**Exercise data**
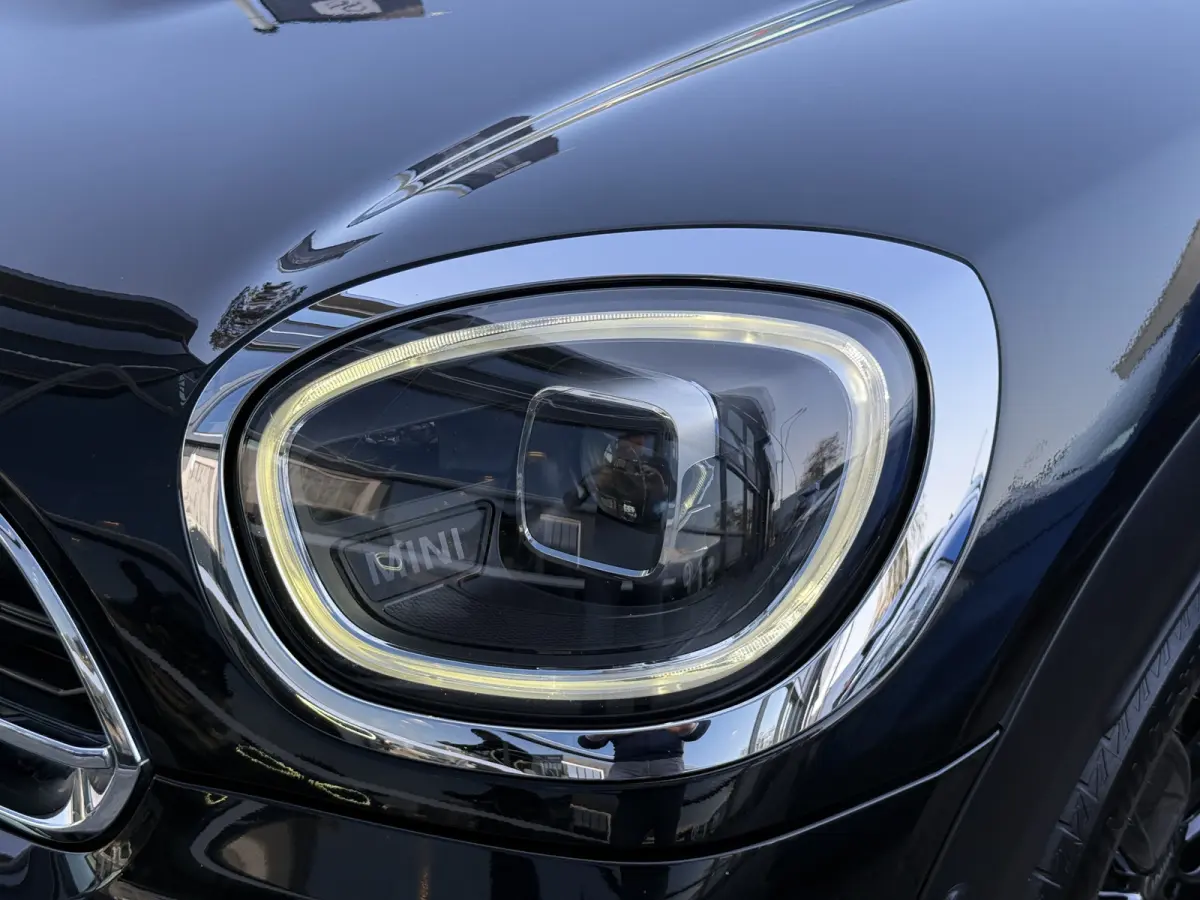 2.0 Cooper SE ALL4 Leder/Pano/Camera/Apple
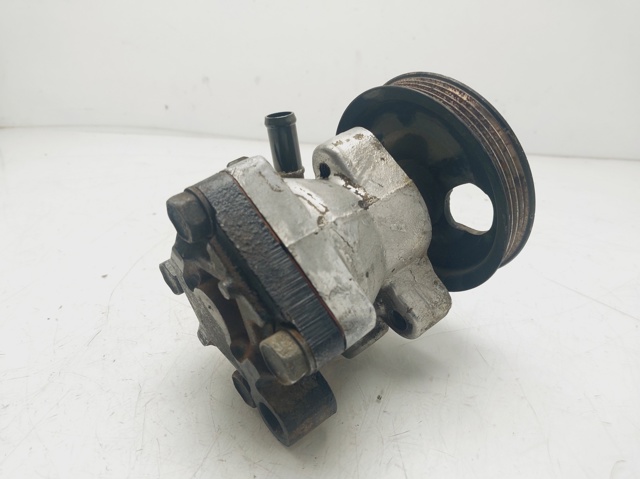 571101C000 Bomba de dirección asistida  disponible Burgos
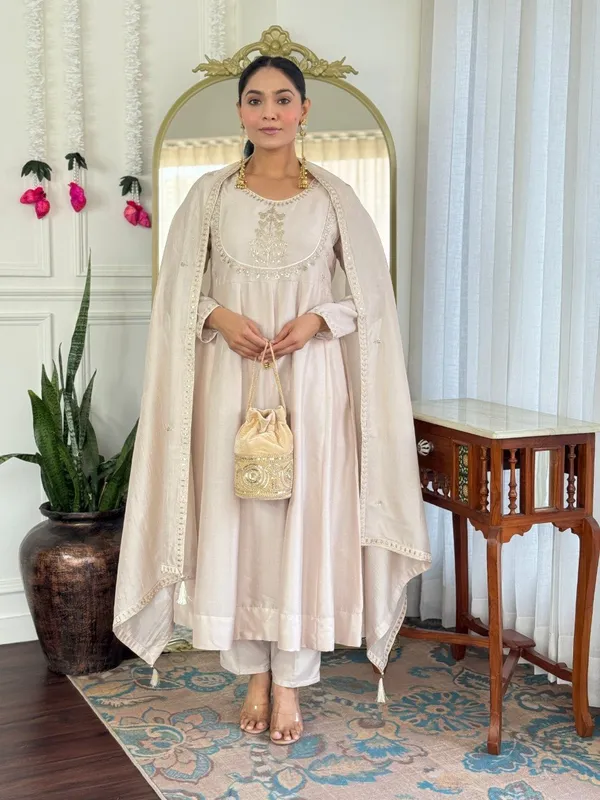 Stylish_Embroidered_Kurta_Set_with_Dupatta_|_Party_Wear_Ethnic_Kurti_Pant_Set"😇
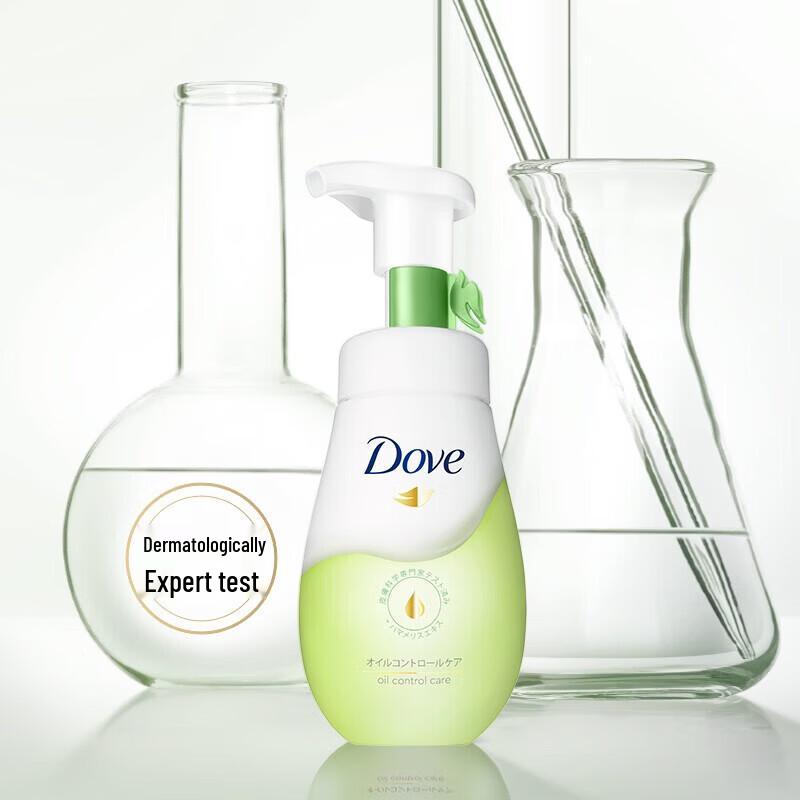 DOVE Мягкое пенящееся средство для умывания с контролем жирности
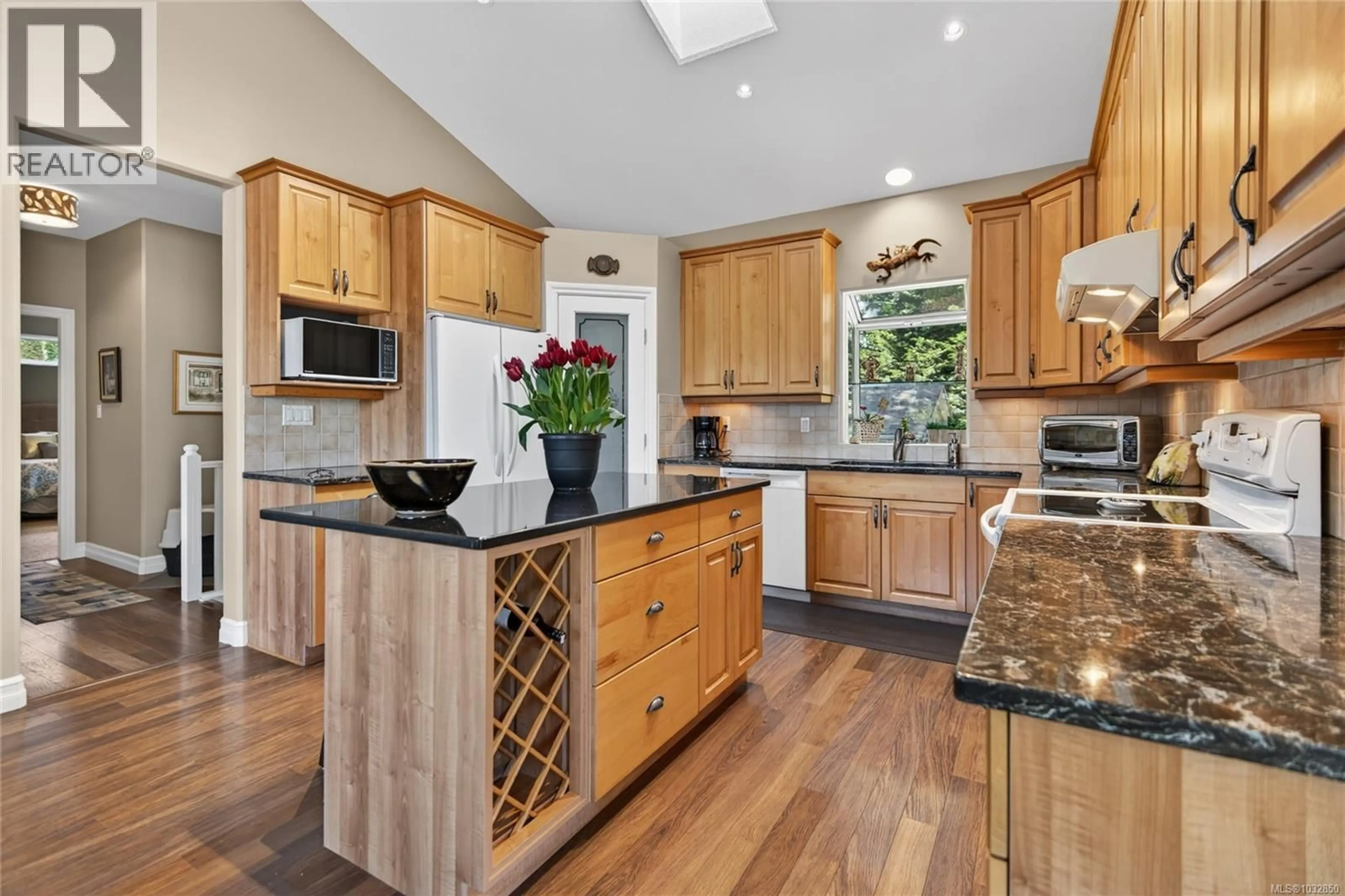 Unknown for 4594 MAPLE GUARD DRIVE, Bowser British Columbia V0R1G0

**Problem description**
Pictures are to be dropped, and every record is to be copied exactly.

**Solution to this task**
 2.0 Cooper SE ALL4 Leder/Pano/Camera/Apple
 571101C000 Bomba de dirección asistida  disponible Burgos
 Stylish_Embroidered_Kurta_Set_with_Dupatta_|_Party_Wear_Ethnic_Kurti_Pant_Set"😇
 DOVE Мягкое пенящееся средство для умывания с контролем жирности
 Unknown for 4594 MAPLE GUARD DRIVE, Bowser British Columbia V0R1G0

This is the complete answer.